Annual report pursuant to Section 13 and 15(d)

Long-Term Debt

v3.24.0.1
Long-Term Debt
12 Months Ended
Dec. 31, 2023
Debt Disclosure [Abstract]  
Long-Term Debt Long-Term Debt
The Company’s credit facilities and related balances, net of the unamortized portion of debt issuance costs and Original Issue Discount ("OID") were as follows:
December 31,
2023 2022
Term loan facility $ 50,000  $ — 
ABL facility 23,947  — 
Mortgages —  7,102 
Equipment financing loan —  3,336 
Retail facility —  1,768 
Equipment term loan —  3,814 
Senior credit facility —  30,000 
Notes payable 2,493  3,540 
Total principal 76,440  49,560 
Less debt issuance costs and OID (5,460) (400)
Long-term debt, net $ 70,980  $ 49,160 
Current maturities:
Current maturities of principal $ 2,297  $ 2,259 
Less current portion of debt issuance costs —  (116)
Current maturities of long-term debt, net $ 2,297  $ 2,143 
Long-term debt:
Non-current principal $ 74,143  $ 47,301 
Less non-current portion of debt issuance costs and OID (5,460) (284)
Long-term debt, net $ 68,683  $ 47,017 
Future contractual maturities of credit facilities and other debt as of December 31, 2023 are as follows:
Year ending December 31,
2024 $ 2,297 
2025 4,797 
2026 6,025 
2027 6,250 
2028 57,071 
Total $ 76,440 
ABL Facility and Term Loan Facility
On August 10, 2023 (the “Closing Date”), Authentic Brands and certain of its subsidiaries (collectively, the “Borrowers”) entered into a Credit Agreement (the “ABL Credit Agreement”) with PNC Bank, National Association, as administrative agent and collateral agent (“PNC”), and the lenders from time to time party thereto, pursuant to which the lenders thereunder agreed to provide the Borrowers with a senior secured asset-based revolving credit facility in an aggregate principal amount of up to $75,000 (including a subfacility for letters of credit in an amount up to $7,500 all of which is available at December 31, 2023) (the “ABL Facility”), and a Credit Agreement (the “Term Loan Credit Agreement” and together with the ABL Credit Agreement, the “Credit Agreements”) with Whitehawk Capital Partners LP, as administrative agent and collateral agent, and the lenders from time to time party thereto, pursuant to which the lenders thereunder provided the Borrowers with senior secured term loans on the Closing Date in an aggregate principal amount of $50,000 (the “Term Loan”) and a bridge loan in the amount of $6,000 (the “Bridge Loan” and together with the Term Loan, the “Term Loan Facility”).
The proceeds of the Term Loan were issued net of a $1,525 discount which was recorded against the outstanding amount of debt on our consolidated balance sheet and amortized over the life of the Term Loan Credit Agreement. Debt issuance costs of $4,381 were incurred in connection with the origination of the ABL Facility and these costs will be reported as a reduction to the outstanding balance of long-term debt on our consolidated balance sheet and amortized over the life of the ABL Credit Agreement. The Bridge Loan incurred a Bridge Loan fee of 10% of the aggregate amount of the Bridge Loan on the Closing Date. The Bridge Loan fee was paid when the Bridge Loan principal was repaid in the fourth quarter of 2023.

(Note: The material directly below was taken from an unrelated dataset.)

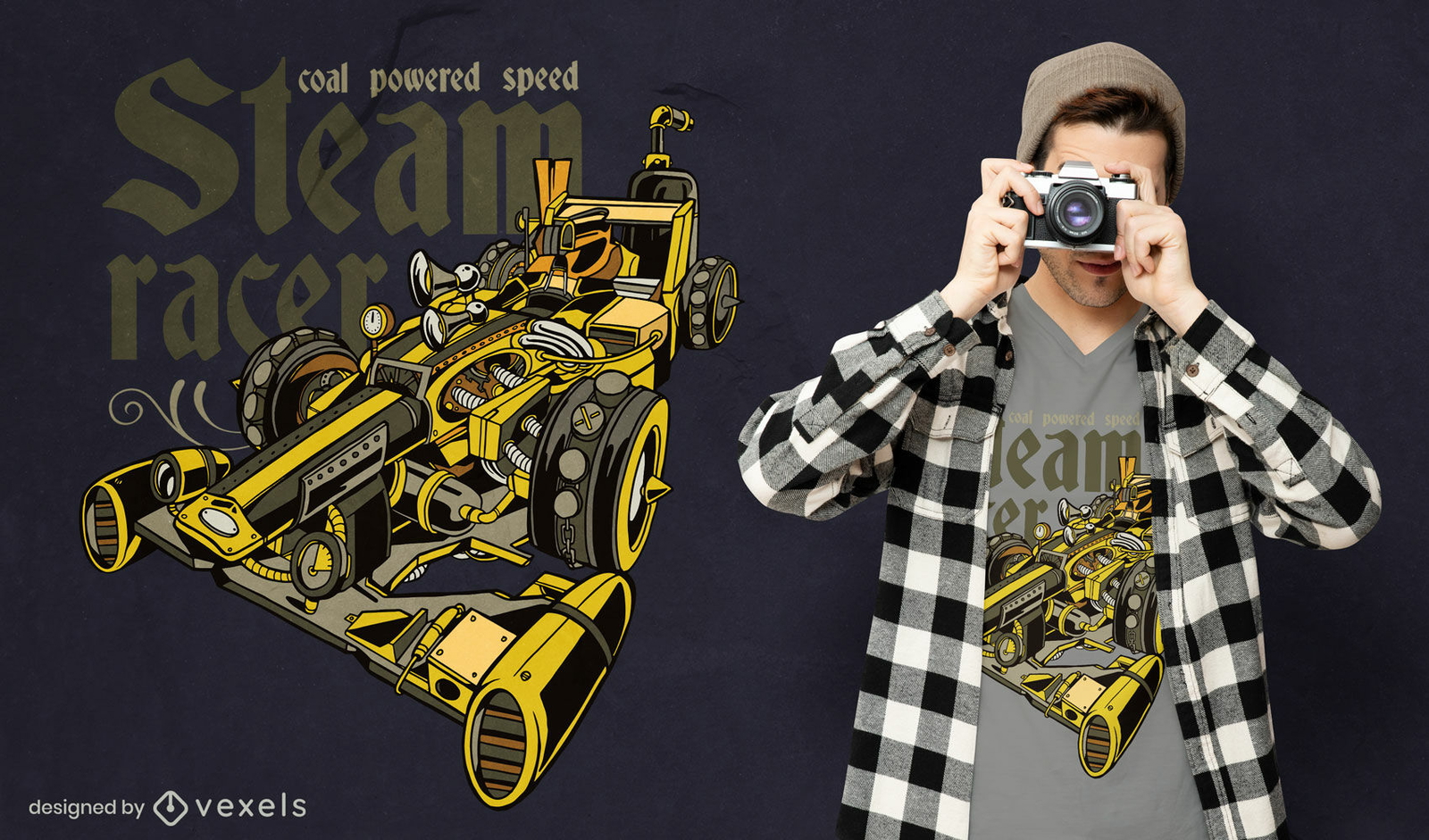 Design de t-shirt de transporte de automóveis Steampunk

The obligations under the Credit Agreements are guaranteed by each Borrower and each Borrower’s direct and indirect, existing and future domestic subsidiaries, subject to certain exceptions (collectively, the “Guarantors” and each, a “Guarantor”). The obligations under the ABL Credit Agreement are secured by a first priority lien on certain deposit accounts, cash and cash equivalents, credit card payments, accounts receivable, inventory and other related assets of the Guarantors (the “ABL Priority Collateral”) and a second priority lien on substantially all of the other assets of the Guarantors. The obligations under the Term Loan Credit Agreement are secured by a second priority lien on the ABL Priority Collateral and a first priority lien on substantially all of the other assets of the Guarantors.

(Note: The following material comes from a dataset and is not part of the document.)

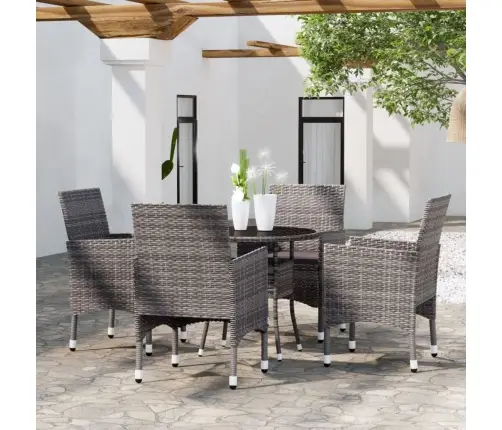 5-Daļīgs Dārza Mēbeļu Komplekts, Pelēka Pe Rotangpalma Vidaxl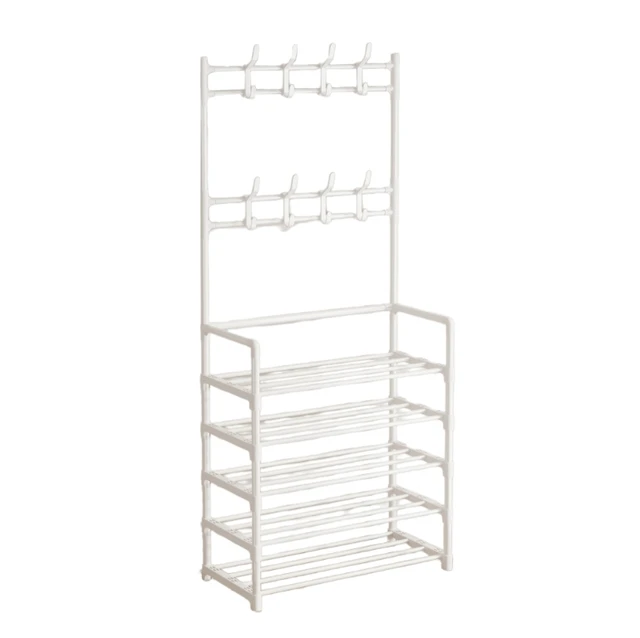 4 Tier 8 Hooks Dust Proof Hanger Rack | Clear Covers for Shoes, Hats, Bags, and Coats | Available in Black & White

Each Credit Agreement includes certain conditions to borrowings, representations and warranties, affirmative and negative covenants, and events of default customary for financings of their type and size. Each Credit Agreement requires the Borrowers to maintain (i) consolidated EBITDA (as defined in the Credit Agreements) of at least $(2,460) for the fiscal quarter ended September 30, 2023, which amount increases incrementally over the next 15 quarters to $40,000 for the 5 fiscal quarters ended June 30, 2028; (ii) a fixed charge coverage ratio of not less than 1.10 to 1.00, measured quarterly on a trailing 12 month basis, following the Availability Block Release Date (as defined below); (iii) minimum liquidity of at least $15,000, which amount is reduced to $7,500 following the Availability Block Release Date; and (iv) minimum average liquidity of at least $9,375 following the Availability Block Release Date. The Credit Agreements also limits the Borrowers’ ability to, among other things, incur additional indebtedness, create liens on any assets, pay dividends or make certain restricted payments, make certain investments, consummate certain asset sales, make certain payments on indebtedness, and merge, consolidate or engage in other fundamental changes.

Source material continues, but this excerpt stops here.